Ключевые слова: олигомеры изопрена, каучук СКИ-3, микроволновое излучение, молекулярная масса, деструкция, фосфолипиды
STUDY OF PROPERTIES OF ISOPRENE OLIGOMERS OBTAINED BY MICROWAVE IRRADIATION OF SKI-3 RUBBER
M.E. Tsyganova, A.P. Rakhmatullina
Marina E. Tsyganova*, Alevtina P. Rakhmatullina
Department of Synthetic Rubber Technology, Kazan National Research Technological University, Karl Marx st., 68, Kazan, 420015, Russia
E-mail: tsiganovamarina@mail.ru*, rah-al@yandex.ru
The present article proposes a method for production of low molecular weight rubber in microwave irradiation field. Isoprene rubber SKI-3 (10% solution in toluene) was used as the initial reactant. The effect of MWI power change (144 W, 450 W, 675 W, 900 W) on the degree of destruction was studied. The degree of destruction was measured based on the change in viscosity average molecular weight. The findings of the experiment data analysis indicate that the destruction process occurs in correspondence with the following dependency: the increase in the microwave irradiation power raises the destruction degree. At the same time, a decrease in molecular
weight was observed. Furthermore, it was found that the use of phospholipids as modifiers also affects the destruction process. The increase in phospholipids content in toluene-SKI-3 system reduces the degree of polyisoprene destruction regardless of the microwave irradiation power. It is demonstrated by the fact that rubber molecular weight is subject to a lower decrease in systems with higher phospholipids content. Phospholipids perform two functions. Firstly, they act as a stabilizer that inhibits the rubber destruction process. Secondly, varying their content allows controlling the destruction degree and obtaining oligomers with predetermined molecular weight. The obtained oligomers were used as SKI-3 isoprene rubber modifiers. It is observed that that the introduction of oligomers into rubber mixtures in the amount of 7 and 10 parts by weight per 100 parts by weight of rubber increases its cohesive strength. Furthermore, vulcanizates containing oligomers are characterized by improved physical and mechanical properties.
Key words: polyisoprene oligomers, SKI-3 rubber, microwave irradiation, molecular weight, destruction, phospholipids
Для цитирования:
Цыганова М.Е., Рахматуллина А.П. Исследование свойств олигомеров изопрена, полученных воздействием микроволнового излучения на каучук СКИ-3. Изв. вузов. Химия и хим. технология. 2021. Т. 64. Вып. 6. С. 56-61
For citation:
Tsyganova M.E., Rakhmatullina A.P. Study of properties of isoprene oligomers obtained by microwave irradiation of SKI-3 rubber. ChemChemTech [Izv. Vyssh. Uchebn. Zaved. Khim. Khim. Tekhnol.]. 2021. V. 64. N 6. P. 56-61
INTRODUCTION
The effect of microwave irradiation (MWI) on chemical reactions and physical processes is a relevant topic for scientific research. The research on this effect plays the leading role in intensification of these processes.

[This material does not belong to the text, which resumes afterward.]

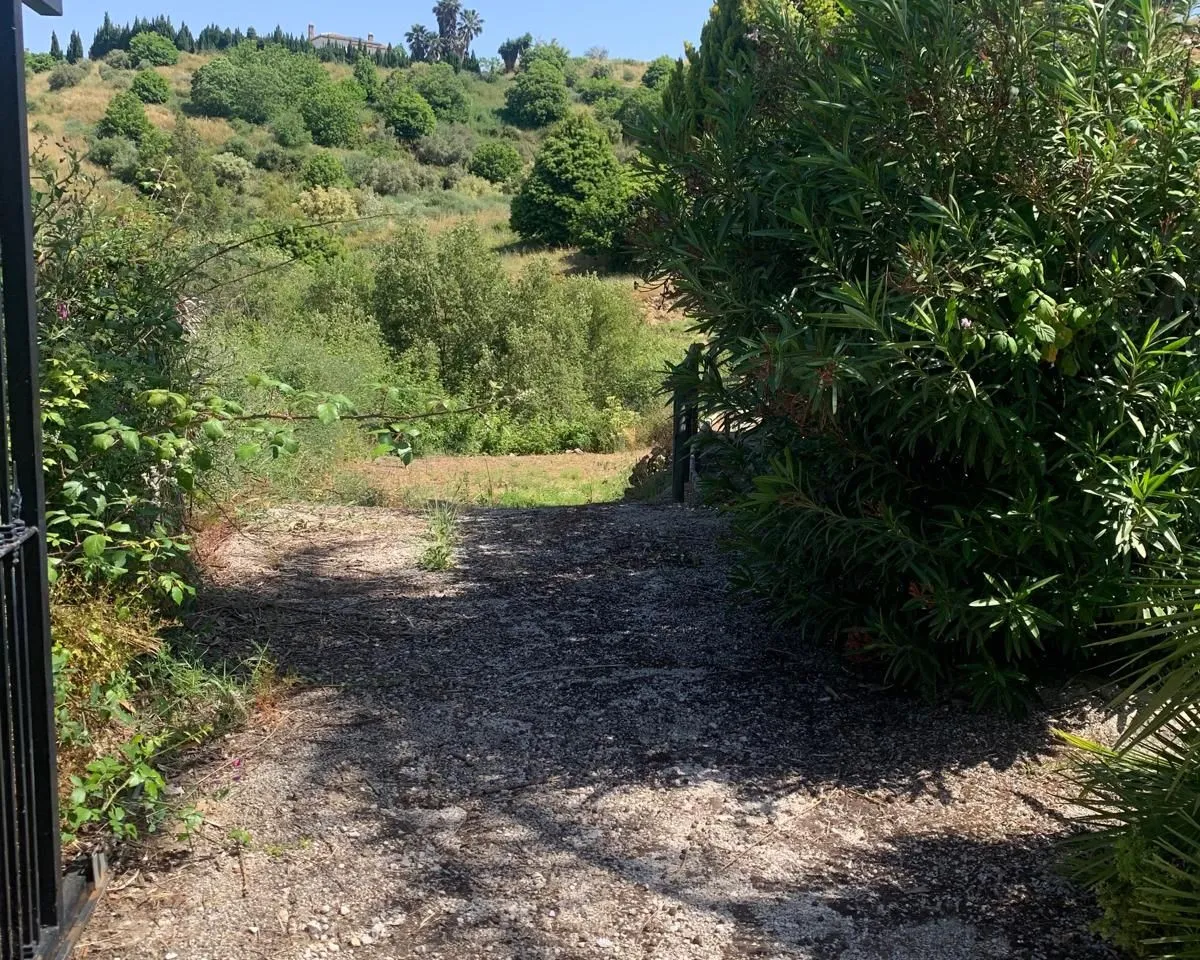 84278226-a4b5-412d-b602-3597b5ff0252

The effect of microwave irradiation on chemical reactions is usually measured by comparing the time spent to achieve the desired yield of the finished products with such observed when using conventional thermal heating. When carrying out processes in presence of MWI, it is necessary to account for molecular weight, polydispersity index and crystallinity of polymers, as well as for their mechanical (strength, elongation, modulus, viscosity) and thermal (glass transition point and melting point) properties. In some cases, products acquire properties that are not observed when conventional thermal heating is used. This feature can be considered an advantage as ability to change the properties of materials expands the field of opportunities for their application. The use of microwave irradiation for polymer synthesis and modification, as well as for polymer waste destruction was studied in many works of researchers in Russia and abroad [1-16].
Both monomeric and oligomeric products can be formed in a depolymerization reaction. Both are of great value as they can be used as initial reactant in polymer synthesis and modification processes. For example, oligomers are used in production of surfac-
tants, coatings, rubbers, synthetic fibers, etc. Oligomers are obtained by polymerization and polyconden-sation with use of various techniques limiting the size of growing molecules [17-19].
Isoprene-based oligomers can be used as adhesion promoters to connect different layers of tire structure: tread, breaker, sidewall, carcass, etc.
This article is devoted to production of iso-prene oligomers using the method of synthetic polyi-soprene SKI-3 destruction by microwave irradiation.
EXPERIMENTAL PART
Isoprene rubber SKI-3. TU 20.17.10-14105766801-2018 (PJSC «Nizhnekamskneftekhim»).
Phospholipids concentrate (PLC). TR 10-0402-59-89. PLC contains (wt.-%): volatile - not more than 1.0; phospholipids - not less than 60; fatty acid triglycerides - not more than 40; acid number - not more than 10 mg KOH/g. Iodine value (I.v.) - 67.2 g I2/100 g.
The rubber's viscosity average molecular weight is measured by timing the solvent (toluene) flowage and various concentrations of polymer solutions using an Ubbelohde viscometer.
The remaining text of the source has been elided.